Consent Rights and Qualifying
Transactions
Pursuant to the Purchase
Agreement, the Company has agreed with the Purchaser, subject to certain exceptions, not to become party to certain change in control
transactions other than a qualifying transaction in which holders of Preference Shares are entitled to receive cash or qualifying
listed securities with a value at least equal to the then-applicable liquidation preference plus accrued and unpaid dividends.
The Purchaser has agreed to vote (to the extent a voting right applies) and provide other support for any such qualifying transaction.
The Company has agreed to provide a gross-up to the Purchaser for certain withholding taxes that may arise in connection with certain
dividends upon redemption of the Preference Shares following certain change in control transactions other than qualifying transactions.
Registration Rights
The Purchase Agreement
provides the Purchaser with certain registration and piggyback registration rights for the Preference Shares, Alternative Preference
Shares and certain Class A Shares held by the Purchaser.

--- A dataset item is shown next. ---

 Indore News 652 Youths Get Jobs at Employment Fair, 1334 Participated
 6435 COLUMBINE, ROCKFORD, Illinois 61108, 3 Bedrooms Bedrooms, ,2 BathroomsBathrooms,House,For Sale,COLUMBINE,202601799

Restricted Persons Procedures
Pursuant
to the Purchase Agreement, the Purchaser and the Company have agreed with each other to adopt and maintain appropriate policies
and procedures in order to prevent any disclosure or dissemination of competitively sensitive information to any person who is
serving as a director, officer, employee or other representative of the Company or its subsidiaries, including Mark Penn, and with
respect to participation of such persons in investment or acquisition activity of the Purchaser and its affiliates and the Company
and its subsidiaries.
Additional Matters
The Purchase Agreement
contains customary representations, warranties and covenants by the parties.
The foregoing description
of the Purchase Agreement has been included to provide investors with information regarding its terms. It is not intended to provide
any factual information about the parties to the agreement or the Company’s business. The Purchase Agreement contains representations
and warranties that the parties made solely for the benefit of each other. These representations and warranties (i) may be
intended not as statements of fact, but rather as a way of allocating risk to one of the parties if those statements prove to be
inaccurate, (ii) may apply materiality standards different from what may be viewed as material to investors and shareholders,
and (iii) were made only as of the date of the Purchase Agreement. Moreover, information concerning the subject matter of
such representations and warranties may change after the date of the Purchase Agreement, which information may or may not be fully
reflected in the Company’s public disclosures. Investors and shareholders are urged not to rely on such representations and
warranties as characterizations of the actual state of facts or circumstances regarding the Company at this time or any other time.
The description contained
herein of the Purchase Agreement, the Preference Shares and the Alternative Preference Shares is qualified in its entirety by reference
to the terms of the Purchase Agreement, which is filed as Exhibit 10.2 hereto and is incorporated herein by reference, and the
Articles of Amendment, which includes the terms of the Preference Shares and the Alternative Preference Shares, a form of which
is attached to the Purchase Agreement and which is filed as Exhibit 3.1 hereto.